Nagumo dikelilingi oleh ajudan-ajudan yang
cerdas, termasuk Minoru Genda dan Mitsuo
Fuchida. Ia menunjukkan prestasi cemerlang dalam pertempuran awal
tahun 1942. Nagumo adalah sukses sebagai komandan armada dalam Pengeboman Darwin dan serangan Samudra
Hindia terhadap Armada Timur Britania, menenggelamkan sebuah kapal induk, dua kapal
penjelajah, dua kapal perusak, dan menyebabkan Laksamana Sir James
Somerville mengundurkan diri
ke Afrika Timur.
Pada akhir penugasannya di Samudra Hindia, total kapal-kapal musuh yang
menjadi korban armada Nagumo adalah lima kapal tempur, satu kapal induk, dua
kapal penjelajah, tujuh kapal perusak, lusinan kapal pedagang, kapal angkut,
dan berbagai jenis kapal lainnya. Ia juga berhasil menembak jatuh ratusan
pesawat-pesawat terbang Sekutu dari enam negara. Penghancuran
pelabuhan-pelabuhan Sekutu oleh armada Nagumo juga menggagalkan atau
memperlambat operasi militer Sekutu. Semua itu dicapainya hanya dengan
kehilangan beberapa lusin penerbang.
Walaupun demikian, prestasi hampir sempurna
Nagumo berakhir dalam Pertempuran Midway.

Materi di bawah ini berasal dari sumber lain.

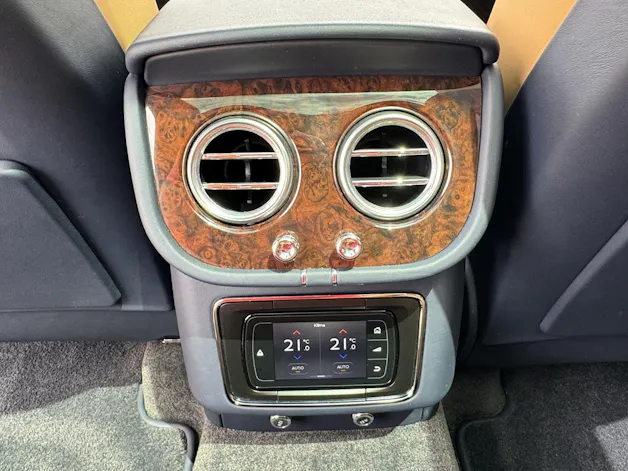 Bentley Bentayga 6.0 W12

Empat kapal induk tenggelam dalam Gugus Tugas Penyerang Kapal Induk yang
dipimpinnya, dan merupakan awal kekalahan Jepang dalam Perang Pasifik. Tewasnya penerbang dalam jumlah
besar terbukti sangat melemahkan kekuatan angkatan laut Jepang dalam
pertempuran-pertempuran berikutnya.
Seusai Pertempuran Midway, Nagumo menerima
penugasan baru sebagai Panglima Tertinggi Armada
Ketiga Angkatan Laut Kekaisaran Jepang dan sebagai komandan kapal-kapal induk di kampanye Guadalkanal.

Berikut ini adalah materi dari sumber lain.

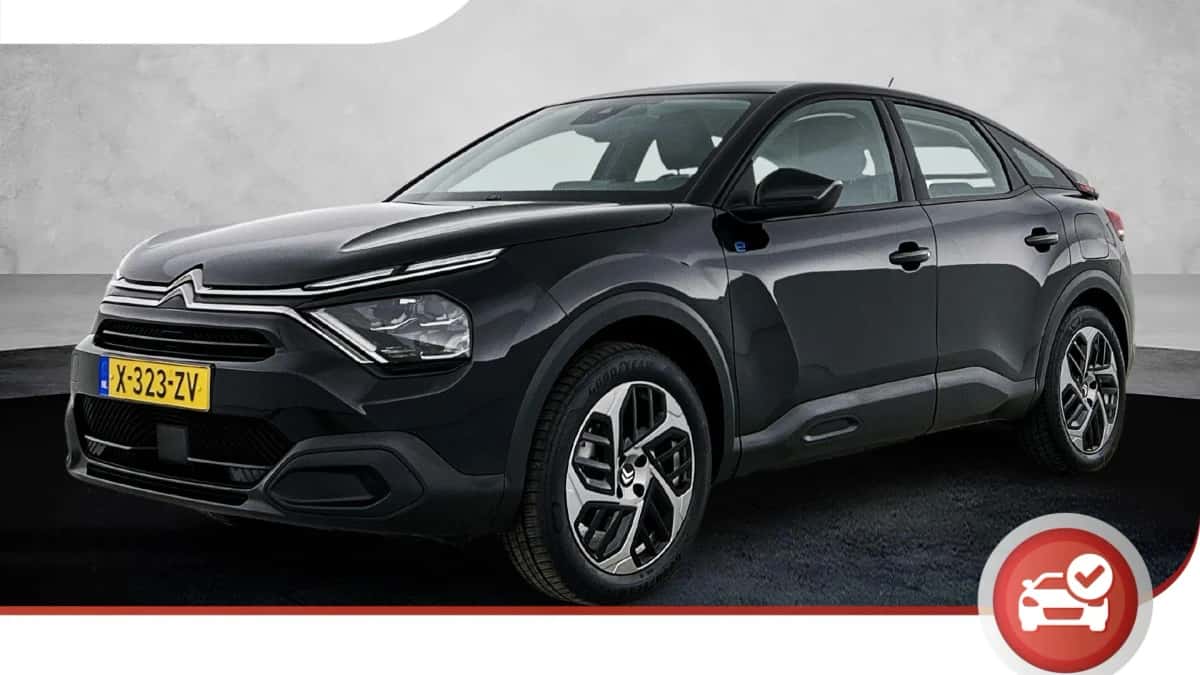 Citroën ë-C4 (2024) — foto 1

Namun armada yang dipimpinnya tidak berhasil memperoleh kemenangan. Kalau
dihitung-hitung di kemudian hari, tindakannya banyak memboroskan kekuatan
angkatan laut Jepang.
Akhir Hayat
Pada 11 November 1942, Nagumo mendapat penugasan
baru di Jepang, sebagai komandan Distrik Angkatan Laut Sasebo. Ia kemudian
dipindahkan ke Distrik Angkatan Laut Kure pada 21 Juni
1943. Dari Oktober 1943 hingga Februari 1944, ia ditugaskan kembali sebagai
Panglima Tertinggi Armada I Angkatan Laut Kekaisaran Jepang, namun waktu itu
sebagian besar hanya melakukan tugas-tugas pelatihan.

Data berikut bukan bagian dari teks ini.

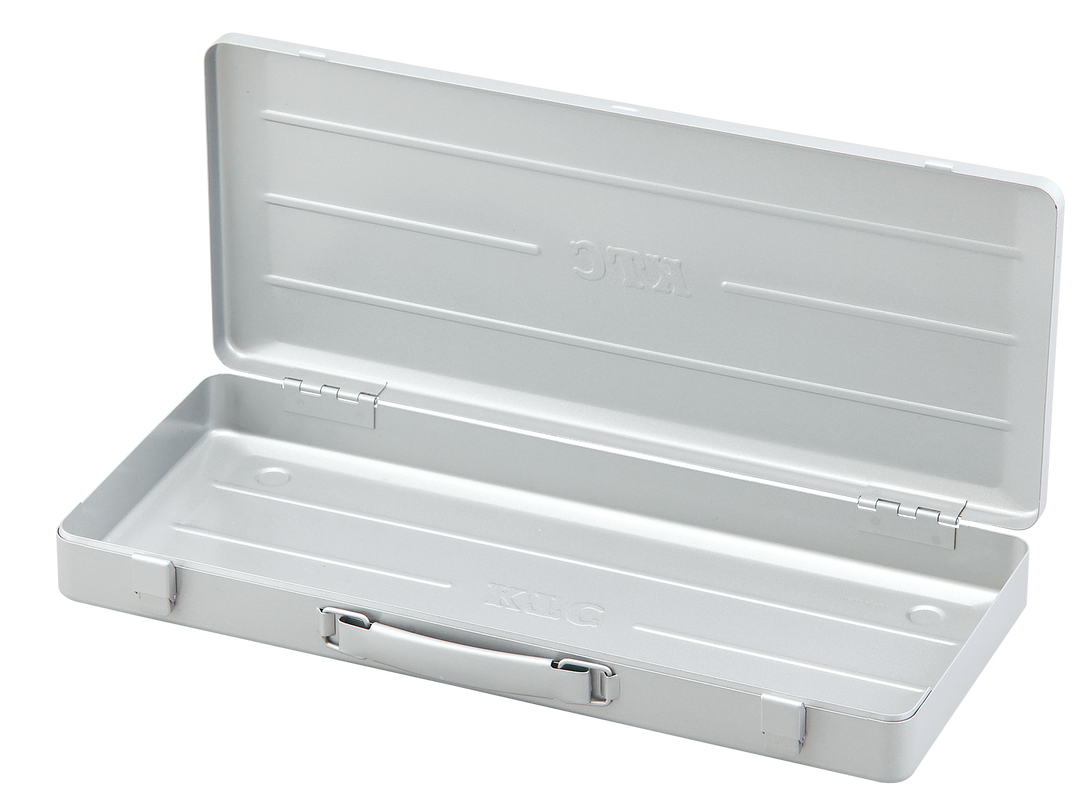[EKB-2] KTC(京都機械工具)片開きメタルケース（W455×D190×H60） 単品1個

Setelah situasi perang makin memburuk bagi
Jepang, Nagumo sekali lagi menerima penugasan tempur. Kali ini ia
diberangkatkan ke Kepulauan
Mariana pada 4 Maret 1944. Tugasnya sebagai Panglima
Tertinggi Armada
Udara 14 Angkatan Laut Kekaisaran Jepang yang hanya berumur pendek, dan pada saat
yang bersamaan menjadi Panglima Tertinggi Armada
Kawasan Pasifik Tengah yang juga sama pendek umurnya.
Penyerbuan Amerika Serikat ke Saipan dimulai
15 Juni 1944. Hanya dalam beberapa hari, Angkatan Laut Kekaisaran Jepang di
bawah pimpinan Laksamana Madya Jisaburo
Ozawakewalahan dalam menghadapi Armada V Amerika Serikat dalam Pertempuran Laut
Filipina yang sangat menentukan kalah-menang dalam Perang
Pasifik. Jepang menderita kerugian sekitar 500 pesawat terbang. Nagumo dan
rekannya dari angkatan darat, Jenderal Yoshitsugu
Saito ditugaskan mempertahankan Saipan dari serangan Amerika
Serikat tanpa mendapatkan pasukan bantuan. Pada 6 Juli 1944, dalam tahap
akhir Pertempuran Saipan,
Nagumo bunuh diri dengan menembakkan pistolnya ke arah pelipis. Jenazahnya
ditemukan di sebuah gua oleh anggota Korps Marinir
Amerika Serikat. Di dalam gua tersebut, ia menghabiskan hari-hari
terakhirnya sebagai komandan tentara Jepang yang mempertahankan
Saipan. Pangkatnya dinaikkan secara anumerta menjadi laksamana.